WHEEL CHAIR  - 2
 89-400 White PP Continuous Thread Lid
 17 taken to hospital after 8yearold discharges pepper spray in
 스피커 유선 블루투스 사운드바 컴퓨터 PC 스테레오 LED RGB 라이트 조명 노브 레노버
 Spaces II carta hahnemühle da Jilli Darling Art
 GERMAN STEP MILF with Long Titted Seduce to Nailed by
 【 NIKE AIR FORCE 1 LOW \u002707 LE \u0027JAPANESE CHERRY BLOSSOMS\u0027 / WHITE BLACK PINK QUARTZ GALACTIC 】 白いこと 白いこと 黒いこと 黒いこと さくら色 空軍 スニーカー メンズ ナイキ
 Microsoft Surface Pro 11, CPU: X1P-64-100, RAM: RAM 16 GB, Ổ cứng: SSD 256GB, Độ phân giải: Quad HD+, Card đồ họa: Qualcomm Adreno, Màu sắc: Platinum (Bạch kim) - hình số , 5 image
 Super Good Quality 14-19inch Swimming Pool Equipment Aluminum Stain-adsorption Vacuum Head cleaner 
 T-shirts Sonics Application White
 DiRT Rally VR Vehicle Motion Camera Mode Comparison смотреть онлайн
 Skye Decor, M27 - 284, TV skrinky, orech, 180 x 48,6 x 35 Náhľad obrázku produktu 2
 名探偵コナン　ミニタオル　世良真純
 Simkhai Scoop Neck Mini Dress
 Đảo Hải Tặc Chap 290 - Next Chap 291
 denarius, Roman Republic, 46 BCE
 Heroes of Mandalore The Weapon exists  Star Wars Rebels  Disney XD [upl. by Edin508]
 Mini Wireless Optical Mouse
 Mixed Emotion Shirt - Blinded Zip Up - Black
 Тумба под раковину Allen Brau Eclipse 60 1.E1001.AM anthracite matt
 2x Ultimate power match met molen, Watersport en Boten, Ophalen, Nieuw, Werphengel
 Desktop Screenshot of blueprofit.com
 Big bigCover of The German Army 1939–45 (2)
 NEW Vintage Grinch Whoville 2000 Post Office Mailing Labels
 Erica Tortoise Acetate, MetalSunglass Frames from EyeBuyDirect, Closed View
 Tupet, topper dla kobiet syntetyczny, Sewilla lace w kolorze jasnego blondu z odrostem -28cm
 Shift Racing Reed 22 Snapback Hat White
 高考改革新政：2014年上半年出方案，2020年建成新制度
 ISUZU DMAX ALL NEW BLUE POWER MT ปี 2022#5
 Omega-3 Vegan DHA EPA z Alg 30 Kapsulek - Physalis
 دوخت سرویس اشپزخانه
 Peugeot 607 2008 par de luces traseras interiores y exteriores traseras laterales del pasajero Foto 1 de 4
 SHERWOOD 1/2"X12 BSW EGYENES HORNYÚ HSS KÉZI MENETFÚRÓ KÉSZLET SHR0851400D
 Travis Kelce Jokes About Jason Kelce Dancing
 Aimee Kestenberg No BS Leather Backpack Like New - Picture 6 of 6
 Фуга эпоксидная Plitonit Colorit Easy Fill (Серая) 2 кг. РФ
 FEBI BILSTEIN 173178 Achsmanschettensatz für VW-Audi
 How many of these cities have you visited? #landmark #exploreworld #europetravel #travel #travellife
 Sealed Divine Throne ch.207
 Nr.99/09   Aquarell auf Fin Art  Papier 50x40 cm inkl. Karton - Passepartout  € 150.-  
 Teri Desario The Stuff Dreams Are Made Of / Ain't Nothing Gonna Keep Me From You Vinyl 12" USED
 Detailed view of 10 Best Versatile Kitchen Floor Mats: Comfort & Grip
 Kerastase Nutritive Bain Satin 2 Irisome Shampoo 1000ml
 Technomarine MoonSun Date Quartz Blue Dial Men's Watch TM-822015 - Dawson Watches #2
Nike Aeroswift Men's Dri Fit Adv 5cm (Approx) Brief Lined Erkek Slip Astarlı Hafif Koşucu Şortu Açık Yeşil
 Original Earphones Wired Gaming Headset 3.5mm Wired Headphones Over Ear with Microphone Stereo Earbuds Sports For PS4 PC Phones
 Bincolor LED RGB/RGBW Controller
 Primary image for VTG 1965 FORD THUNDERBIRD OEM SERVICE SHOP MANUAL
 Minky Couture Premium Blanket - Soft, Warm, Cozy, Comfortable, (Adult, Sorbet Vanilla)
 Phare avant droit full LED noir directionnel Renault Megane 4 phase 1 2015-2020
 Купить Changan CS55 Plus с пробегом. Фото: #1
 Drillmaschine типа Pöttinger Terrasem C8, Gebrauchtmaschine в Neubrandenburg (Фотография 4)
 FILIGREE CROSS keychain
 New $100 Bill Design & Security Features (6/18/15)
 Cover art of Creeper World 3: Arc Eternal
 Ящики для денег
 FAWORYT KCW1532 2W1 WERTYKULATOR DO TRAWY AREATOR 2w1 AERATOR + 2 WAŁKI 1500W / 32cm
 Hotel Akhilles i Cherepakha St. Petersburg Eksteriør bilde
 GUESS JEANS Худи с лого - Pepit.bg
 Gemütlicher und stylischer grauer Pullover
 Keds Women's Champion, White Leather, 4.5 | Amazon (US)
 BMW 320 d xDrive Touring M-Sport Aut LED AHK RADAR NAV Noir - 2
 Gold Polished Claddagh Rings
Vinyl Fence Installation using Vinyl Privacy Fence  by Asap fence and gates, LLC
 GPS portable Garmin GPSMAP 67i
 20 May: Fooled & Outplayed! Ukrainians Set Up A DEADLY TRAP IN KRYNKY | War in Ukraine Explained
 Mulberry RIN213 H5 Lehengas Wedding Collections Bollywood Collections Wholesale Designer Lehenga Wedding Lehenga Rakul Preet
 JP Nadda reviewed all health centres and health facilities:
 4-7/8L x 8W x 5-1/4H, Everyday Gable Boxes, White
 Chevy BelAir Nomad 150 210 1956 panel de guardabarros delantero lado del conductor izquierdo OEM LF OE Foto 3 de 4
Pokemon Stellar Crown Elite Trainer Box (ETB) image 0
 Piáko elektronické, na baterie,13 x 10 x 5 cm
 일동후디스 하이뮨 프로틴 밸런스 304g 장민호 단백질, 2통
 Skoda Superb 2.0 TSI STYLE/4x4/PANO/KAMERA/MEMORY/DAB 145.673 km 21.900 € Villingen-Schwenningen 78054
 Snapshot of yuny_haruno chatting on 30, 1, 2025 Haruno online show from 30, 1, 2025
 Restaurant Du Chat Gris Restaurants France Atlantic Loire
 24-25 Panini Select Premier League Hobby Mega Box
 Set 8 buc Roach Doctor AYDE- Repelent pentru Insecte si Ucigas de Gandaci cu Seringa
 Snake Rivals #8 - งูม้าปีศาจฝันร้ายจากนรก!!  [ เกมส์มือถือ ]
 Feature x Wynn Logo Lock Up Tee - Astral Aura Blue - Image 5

=== Task ===
Exactly as they appear above, output the lines of the data from the first through the one that contains "Microsoft Surface Pro", and only those lines.

=== Solution ===
WHEEL CHAIR  - 2
 89-400 White PP Continuous Thread Lid
 17 taken to hospital after 8yearold discharges pepper spray in
 스피커 유선 블루투스 사운드바 컴퓨터 PC 스테레오 LED RGB 라이트 조명 노브 레노버
 Spaces II carta hahnemühle da Jilli Darling Art
 GERMAN STEP MILF with Long Titted Seduce to Nailed by
 【 NIKE AIR FORCE 1 LOW \u002707 LE \u0027JAPANESE CHERRY BLOSSOMS\u0027 / WHITE BLACK PINK QUARTZ GALACTIC 】 白いこと 白いこと 黒いこと 黒いこと さくら色 空軍 スニーカー メンズ ナイキ
 Microsoft Surface Pro 11, CPU: X1P-64-100, RAM: RAM 16 GB, Ổ cứng: SSD 256GB, Độ phân giải: Quad HD+, Card đồ họa: Qualcomm Adreno, Màu sắc: Platinum (Bạch kim) - hình số , 5 image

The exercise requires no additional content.